スズキ・エスクード

公開 : 2015.10.15 21:50

シャシー&ボディ

ゆさり、ゆさりと、こぶを一つ、二つ越えてみると、新型の車両重量がこれまでと明らかに違うことが分かる。

そばにいたスズキの関係者にスペックを尋ねた。「車両重量は1140kgになります(4WD: 1210kg)。新機種なので比較対象はないのですが、エスクード2.4ℓとあえて比べると、480kg軽いですね」

新種はまったく別のクルマということだ。

スズキの得意技とも呼べる軽量化技術は、高張力鋼板の使用比を50%まで増やした軽量ボディと、クルマを構成するあらゆる要素を地道に軽くしていく作業の成果だ。

例えば、リアのサスペンションはパイプ潰しトーションビームを採用し、軽量化と高剛性化を両立している。
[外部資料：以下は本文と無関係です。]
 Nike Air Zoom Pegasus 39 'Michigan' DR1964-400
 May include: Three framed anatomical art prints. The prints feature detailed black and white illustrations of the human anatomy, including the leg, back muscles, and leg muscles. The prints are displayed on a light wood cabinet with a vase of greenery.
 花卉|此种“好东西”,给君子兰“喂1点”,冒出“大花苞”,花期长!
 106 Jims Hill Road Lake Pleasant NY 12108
フロントは横剛性を高めたマクファーソン・ストラットを選んだ。こちらは操縦安定性を向上するために、ステアリング・ギアボックスをサスペンション・フレーム直付けとし、取付剛性を高めている。

最低地上高は185mm。アプローチアングルは18.2°、ランプブレークオーバーアングルは17.7°、デパ―チャーアングルは28.2°だ。

パワートレイン

スズキは新型エスクード導入によって自社のSUVを3種に大別した。“本格クロカンタイプ” は最低地上高180mm以上、4WDにLOWギアを持つものとしており、エスクードの2.4ℓモデルとジムニーという布陣。“クロスオーバータイプ” は最低地上高180mm以下、4WDにLOCKモードを持つもので、SX4 S-クロスがこれにあたる。そして、その中間が “SUVクラス” で、最低地上高180mm以上、4WDにLOCKモードを持つものだ。

今回のモデルはこのゾーンに入るため、クロスオーバーの気軽さと、本格クロカンの走破性を兼ね備えたパワートレインが与えられた。
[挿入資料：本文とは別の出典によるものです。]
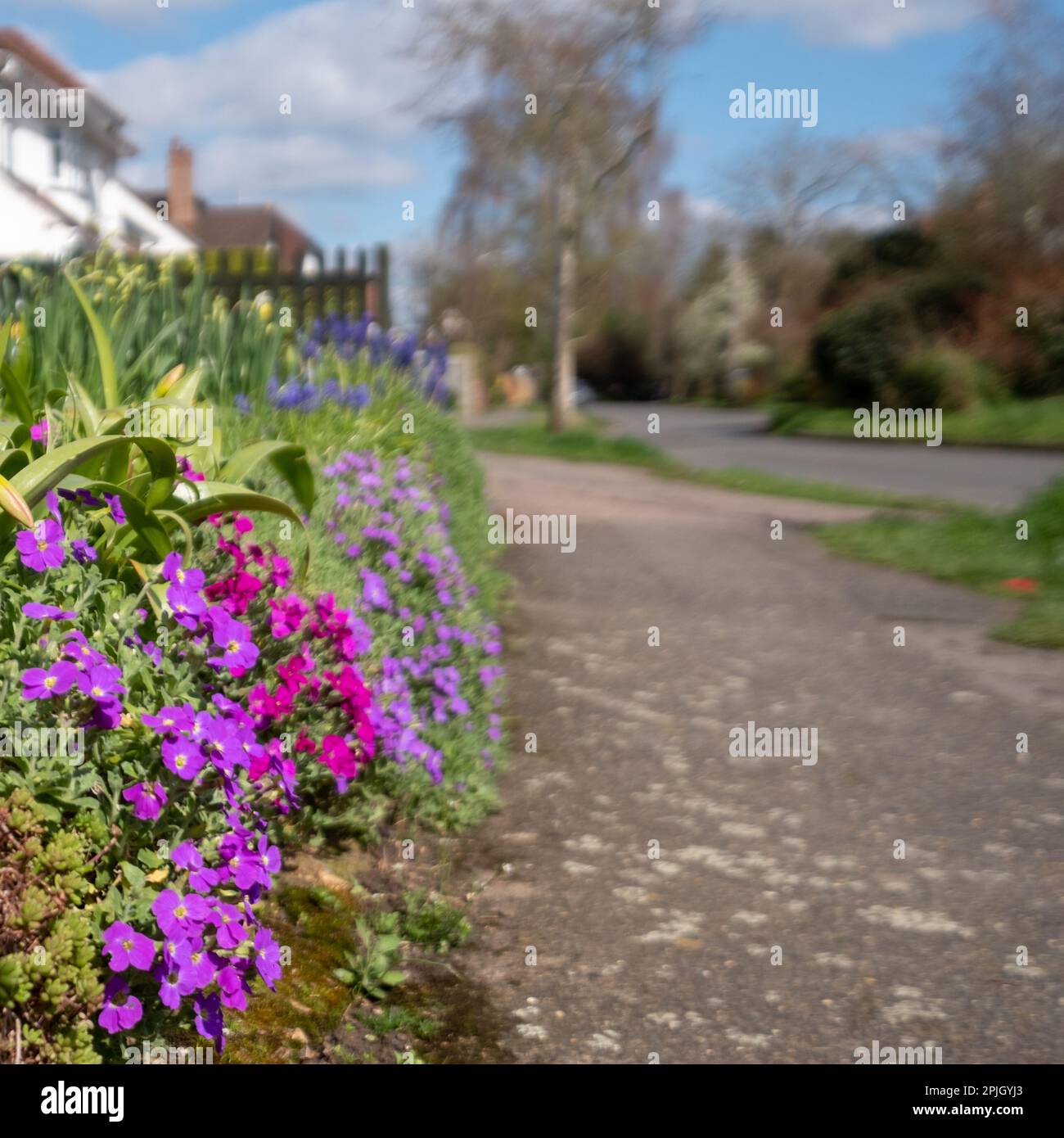 Colourful mixed colour aubretia trailing plants growing in a front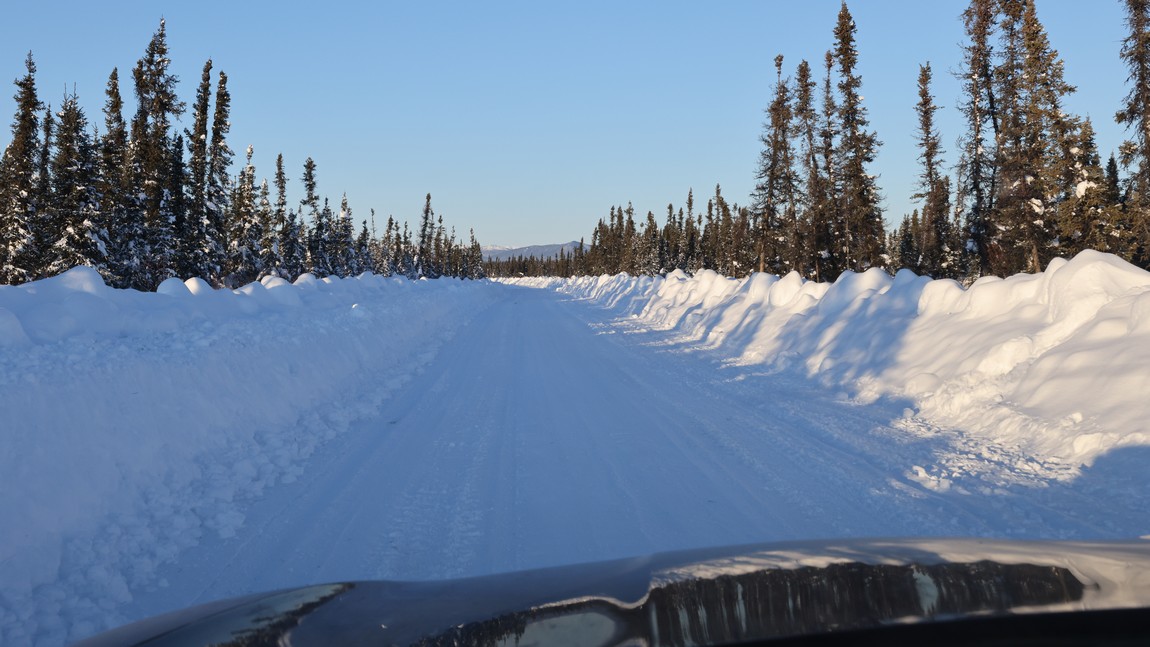 Approaching Bettles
エンジンは、スイフト・スポーツやSX4 S-クロスにも搭載する1.6ℓ M16A型。最高出力117ps、最大トルク15.4kg-mを発揮する。エンジン・マウントは、近年スズキが多用しているペンデュラム式とし、排気系・冷却系の改良とあわせ、エンジンの軽量化を進めた。燃費は、FFが18.2km/ℓ、4WDが17.4km/ℓだ。

トランスミッションは、国内初採用となる新開発の6速オートマティック。発進加速および登坂性能を向上し、高速域の静粛性と燃費を高めたことにくわえ、マニュアルモード付きパドルシフトを採用した。

こうしたパワートレインに “SUVクラス” としての走破性を与えるため、新型エスクード専用の2つの機能がALLGRIP 4WDシステムに取り入れられた。

これは、前後の対角2輪が空転する状況で、LOCKモードへ切り替えることなく、グリップした車輪に多くのトルクを伝える仕組みだ。SX4 S-クロスではLOCKへの切り替え操作が必要なところを、スリップする車輪に電子制御で強いブレーキをかけることができる。

これにくわえ、LOCKモード選択時には、さらに強いブレーキ量をあたえ、エンジン出力を弱めずに多くのトルクをグリップしたタイヤに伝える、進化版ALLGRIPが採用されている。